Lihat ke Halaman Asli

Kontroversi Pernyataan Kemendikbudristek Mengenai Pendidikan Tinggi Kebutuhan Tersier

Diperbarui: 3 Juni 2024   23:25

Kompasiana adalah platform blog. Konten ini menjadi tanggung jawab bloger dan tidak mewakili pandangan redaksi Kompas.

Inilah.com

Baru-baru ini, Kementerian Pendidikan, Kebudayaan, Riset, dan Teknologi (Kemendikbudristek) Republik Indonesia telah mengeluarkan pernyataan yang menimbulkan kontroversi di kalangan akademisi dan masyarakat luas. Pernyataan tersebut menyatakan bahwa pendidikan tinggi di Indonesia harus lebih berfokus pada pemenuhan kebutuhan tersier. Apa sebenarnya yang dimaksud dengan kebutuhan tersier, dan mengapa hal ini menimbulkan polemik?

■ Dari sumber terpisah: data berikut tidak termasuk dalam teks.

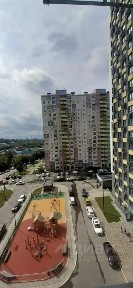 Сдается 1-комн. квартира, 42 м²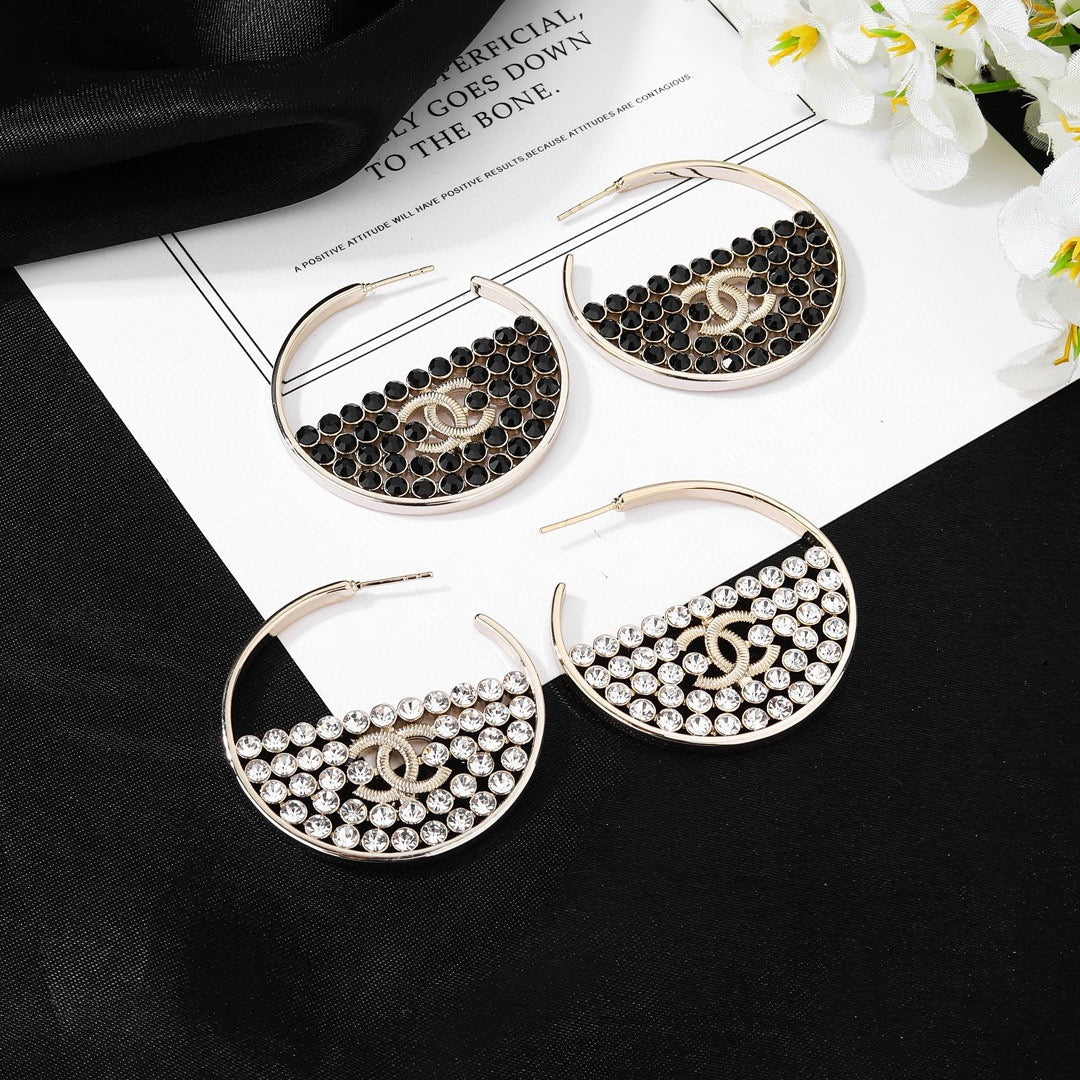 High-Quality Stud Earrings-148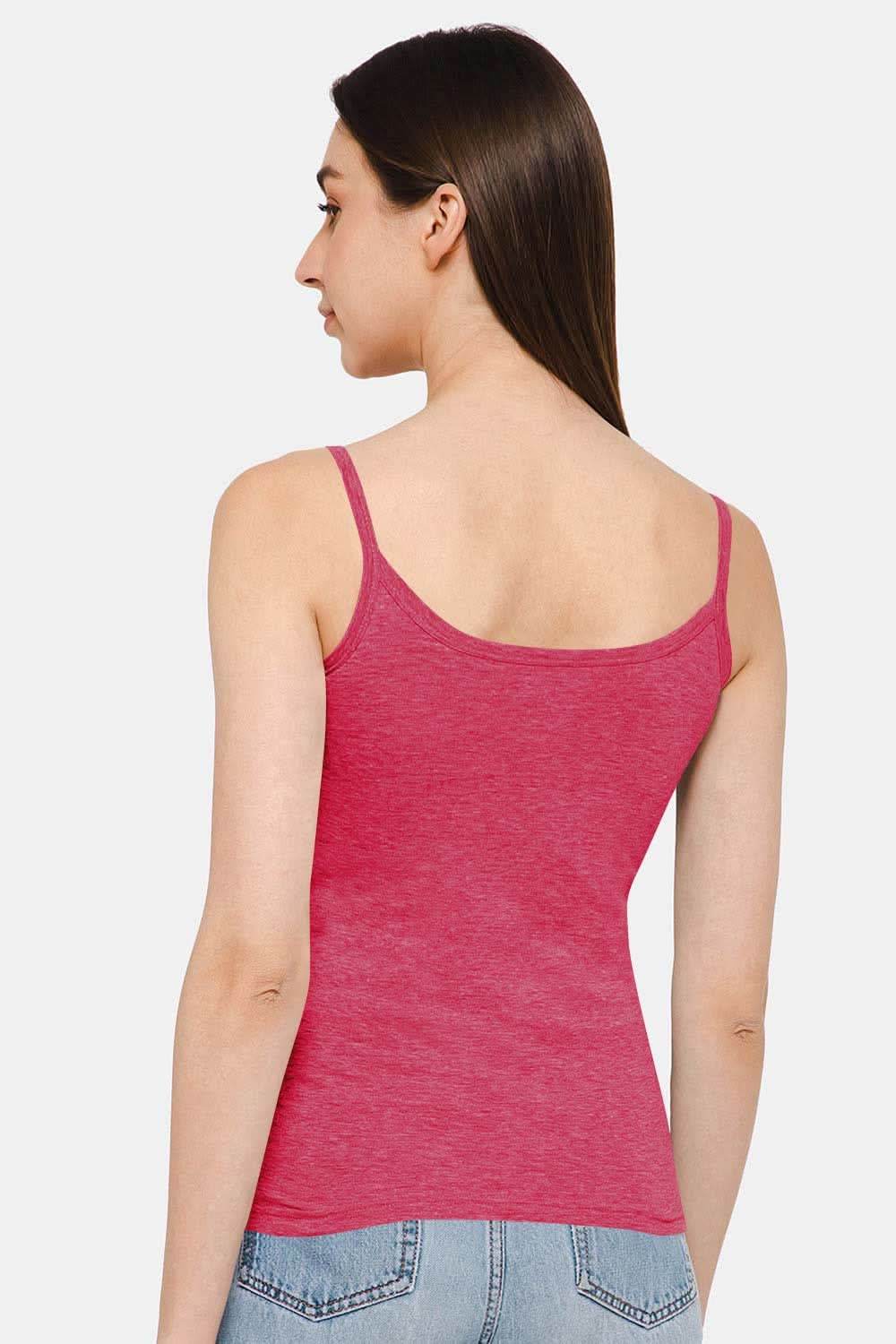 Intimacy Soft Fit Slip Camisole – IN10 | Comfortable & Flattering Design - Naidu Hall Family Store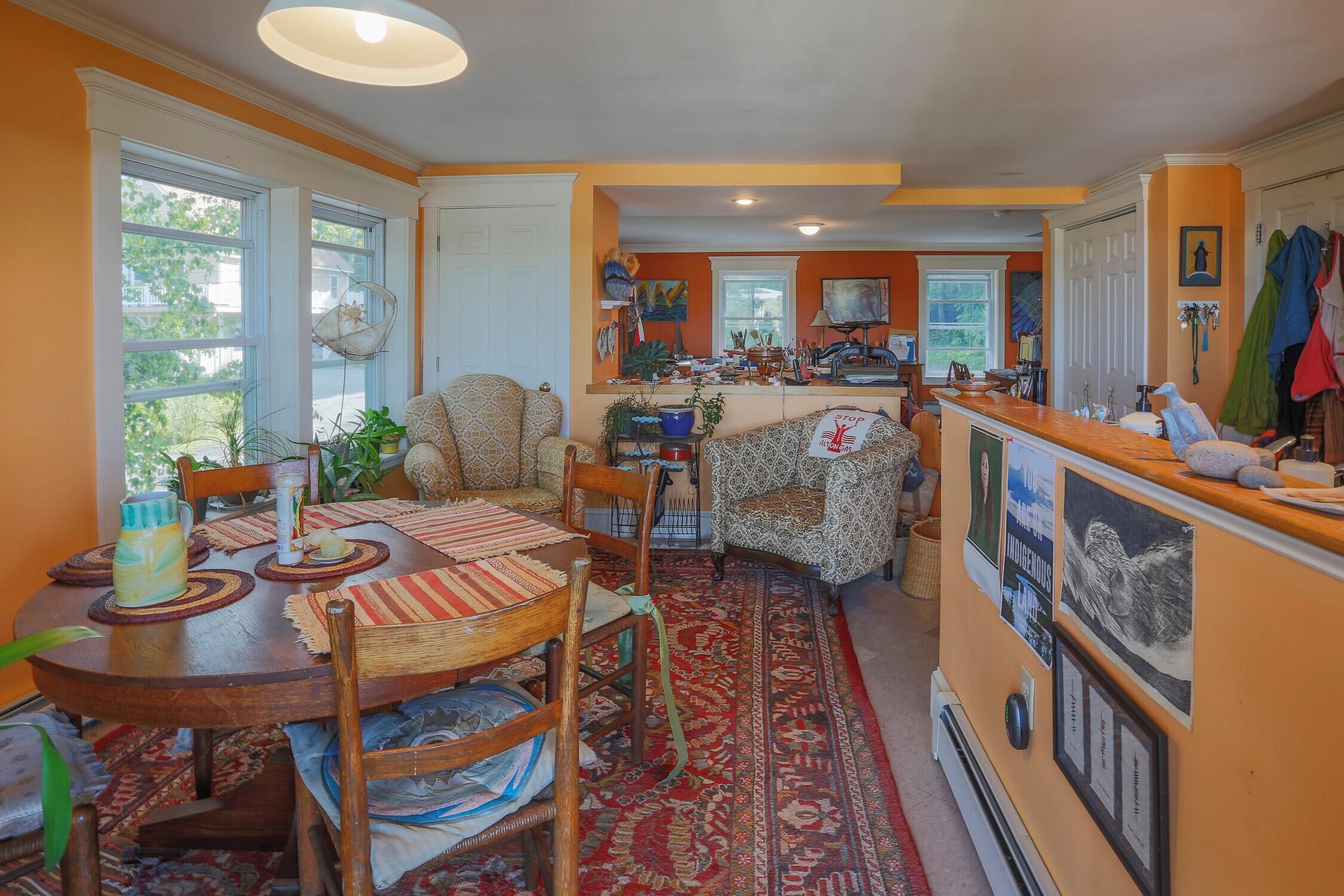 29 Bridge Street, Unit 5 Belfast, ME 04915 - Photo 8 of 29 b2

Dalam konteks pendidikan, kebutuhan tersier merujuk pada keterampilan dan kompetensi yang lebih tinggi, yang tidak hanya mencakup kemampuan akademis dasar, tetapi juga keterampilan lanjutan yang dibutuhkan dalam dunia kerja modern. Ini bisa termasuk kemampuan teknologi informasi, soft skills, dan pengetahuan spesifik yang relevan dengan perkembangan industri saat ini, seperti teknologi informasi, manajemen proyek, dan kreativitas inovatif.

Koordinator Nasional Jaringan Pemantau Pendidikan Indonesia (Kornas JPPI), Ubaid Matraji turut menanggapi, menurut dia, pernyataan Sekretaris Direktorat Jenderal Pendidikan Tinggi, Riset, dan Teknologi "Kemendikbudristek", Tjitjik Sri Tjahjandarie yang menyebut bahwa Pendidikan Tinggi (PT) merupakan kebutuhan tersier, mampu melukai dan menciutkan mimpi anak bangsa untuk bisa duduk di bangku kuliah.

"Meletakan pendidikan tinggi sebagai kebutuhan tersier adalah salah besar. Jika PT adalah kebutuhan tersier, lalu negara lepas tangan soal pembiayaan, bagaimana dengan nasib pendidikan dasar dan menengah?" ujar Ubaid dalam keterangannya, Sabtu (18/5/2024).

"Yang masuk program Wajib Belajar 12 Tahun, yang merupakan kebutuhan primer, apakah pemerintah sudah membiayai?" sambung dia.

Sementara faktanya, lanjut Ubaid, "Pembiayaan hanya dilakukan dengan skema bantuan (BOS), bukan pembiayaan penuh. Yang akibatnya, ditemukan jumlah anak tidak sekolah (ATS) yang masih menggunung. Berdasarkan data BPS 2023, ATS masih ditemukan di tiap jenjang, SD (0,67 %) SMP (6,93 %), dan SMA/SMK (21,61 %)"

Reaksi dari masyarakat Indonesia mengenai pernyataan kontroversi dari kemendikbudristek sangat beragam terutama pertentangan dari mahasiswa di Indonesia yang menyatakan bahwa pernyataan tersebut kurang tepat. Banyak mahasiswa mungkin tidak setuju dengan pernyataan Kementerian Pendidikan,Kebudayaan, Riset, dan Teknologi (Kemendikbudristek) yang menganggap kuliah sebagai kebutuhan tersier karena beberapa alasan yang mendasar.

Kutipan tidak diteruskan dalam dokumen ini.